Historically, ships with lower power levels have successfully operated in polar regions, but as demonstrated by the evolution of U.S. Coast Guard designs in the last 40 years, mass and velocity are the key factors in breaking heavy ice. Propelling heavy ships and/or developing higher speeds requires considerable power. Thus, while information has been obtained and could be provided on as many as 60 icebreaking ships, many of these are not believed truly suited for polar icebreaking.

Table 6.4, which draws heavily on data provided by L.W. Brigham (personal communication, October 2000), provides a listing of the current inventory of polar icebreakers organized by country of ownership. Baltic icebreakers have also been included, although it is often a matter of opinion rather than fact which ships have some polar capability.

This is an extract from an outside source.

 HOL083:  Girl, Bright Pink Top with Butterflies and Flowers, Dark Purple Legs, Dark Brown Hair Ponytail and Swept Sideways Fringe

This presentation was chosen to highlight both the fleet size and the key data for various nations having interest in the polar regions.

The world fleet of icebreakers with greater than 10,000 horsepower is 50. Russia has the largest fleet. Finland, Canada, and Sweden each operate six to seven icebreakers. The Unites States has four ships, and six other countries have one to three ships. Only Russia has used nuclear propulsion plants (seven ships). Only Russia and the United States operate ships with propulsion greater than 30,000 horsepower. Most icebreakers operate primarily in the Baltic Sea area. Russia is notable for its emphasis on icebreaker tourism.

In continuous running mode, icebreakers break ice by weight. As an icebreaker is propelled forward, it moves up onto the ice, and the weight of the hull breaks the ice. The traditional icebreaker bow is in the form of a spoon that fa-